Important limitations include: the study only included women, so results may not apply to men; it’s observational, meaning we can’t prove low iron causes better kidney outcomes, only that they’re associated; the study couldn’t account for all possible factors affecting kidney health; results come from one healthcare database and may not represent all populations; the study didn’t measure all types of iron in the blood, only serum ferritin; women were already diagnosed with kidney disease, so results may not apply to people without kidney disease; some health outcomes were tracked through medical records, which may be incomplete.
The Bottom Line
For women with stage 3 chronic kidney disease: Iron level testing may provide useful information about kidney disease progression risk, particularly for postmenopausal women (moderate confidence). However, iron supplementation decisions should not be made based solely on this study—discuss with your doctor about your individual situation. For older women (over 65) or those with vitamin D deficiency, maintaining adequate iron levels may be important for bone health. These findings are preliminary and should be confirmed by additional research before changing standard medical practice.
This research is most relevant to: women with stage 3 chronic kidney disease; postmenopausal women with kidney disease; women with kidney disease and diabetes; healthcare providers managing kidney disease in women. This research is less directly applicable to: men with kidney disease; women with anemia; people without kidney disease; women with stage 1, 2, 4, or 5 kidney disease (different stages may have different patterns).
Health benefits or risks from iron levels typically develop over months to years. The study tracked outcomes over 5 years, so meaningful changes in kidney function or disease progression would likely take several years to become apparent. Bone fracture risk may develop more gradually over time, especially in older women.
Want to Apply This Research?
- If you have stage 3 kidney disease, track your iron level test results (serum ferritin) every 3-6 months alongside your kidney function tests (creatinine and eGFR).
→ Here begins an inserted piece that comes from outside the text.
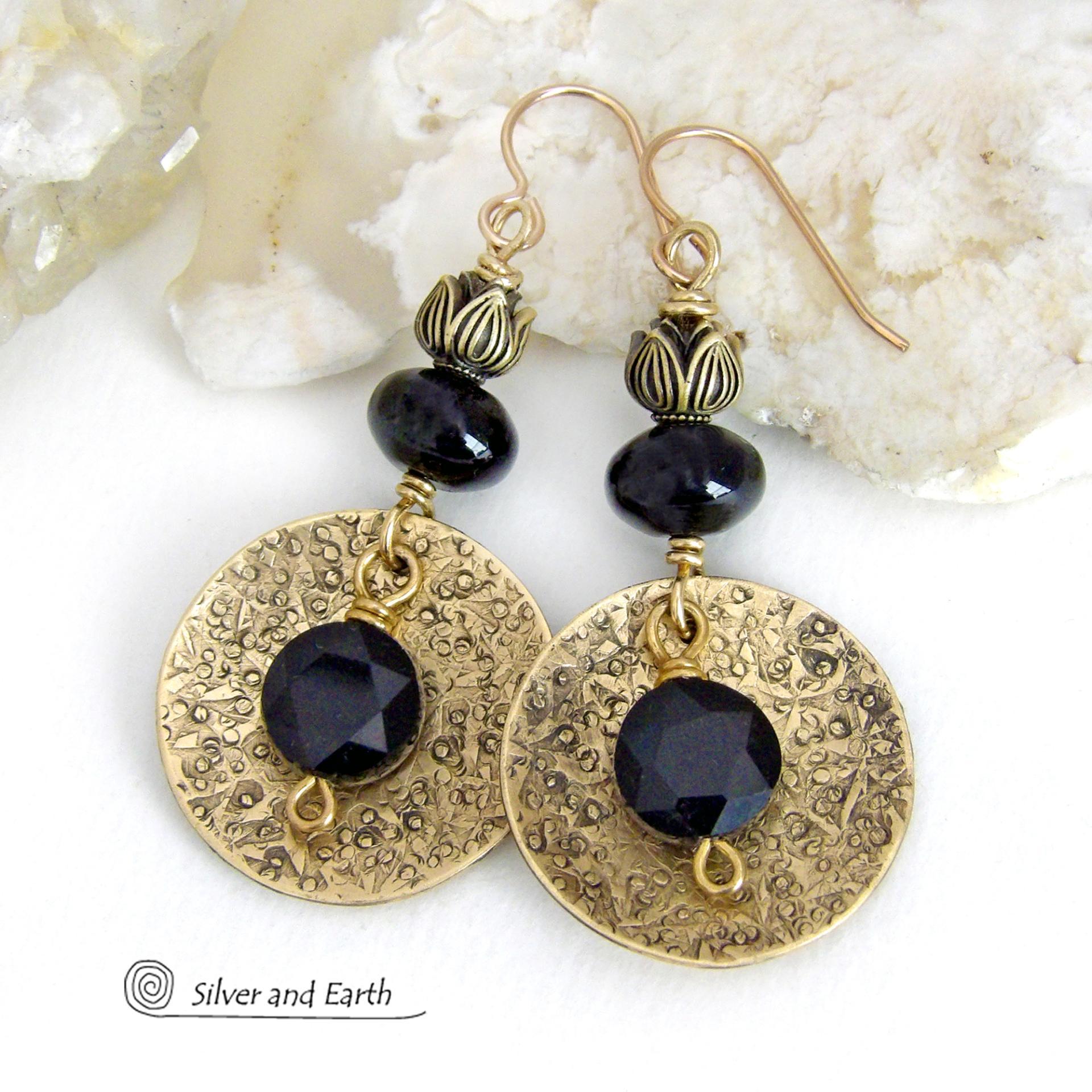 These handcrafted earrings feature gold brass dangles with a hand stamped texture accented with round black onyx gemstones dangling in front and topped off with black onyx gemstones and tulip flower-shaped beads. The round onyx stones have a faceted cut which casts off a beautiful natural sparkle and shine. They have a modern, elegant chic style that looks great dressed up or down. Perfect for women that love bold unique artisan handcrafted jewelry. Handmade in the USA by Silver and Earth Jewelry.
Record the date, value, and any symptoms like fatigue or shortness of breath to identify patterns over time.
- Work with your healthcare provider to monitor iron levels as part of your kidney disease management plan. If you have low iron, discuss whether supplementation is appropriate for your situation. Ensure adequate vitamin D intake (through sunlight, food, or supplements as recommended by your doctor) since vitamin D status appears to influence how iron affects kidney health.
- Establish a long-term tracking system that includes: quarterly iron level tests; semi-annual kidney function tests; annual bone health assessment (especially if over 65); vitamin D level checks twice yearly. Share these results with your healthcare team to identify trends and adjust treatment plans accordingly. Note any changes in energy levels, bone pain, or kidney-related symptoms.
This research is observational and cannot prove that iron levels cause kidney disease outcomes. These findings apply specifically to women with stage 3 chronic kidney disease and may not apply to men, people with other stages of kidney disease, or people without kidney disease. Do not make changes to iron supplementation or other treatments based on this study alone. Always consult with your healthcare provider before making medical decisions. This information is for educational purposes and should not replace professional medical advice. If you have kidney disease, work with your nephrologist (kidney specialist) to develop an appropriate treatment plan based on your individual health situation.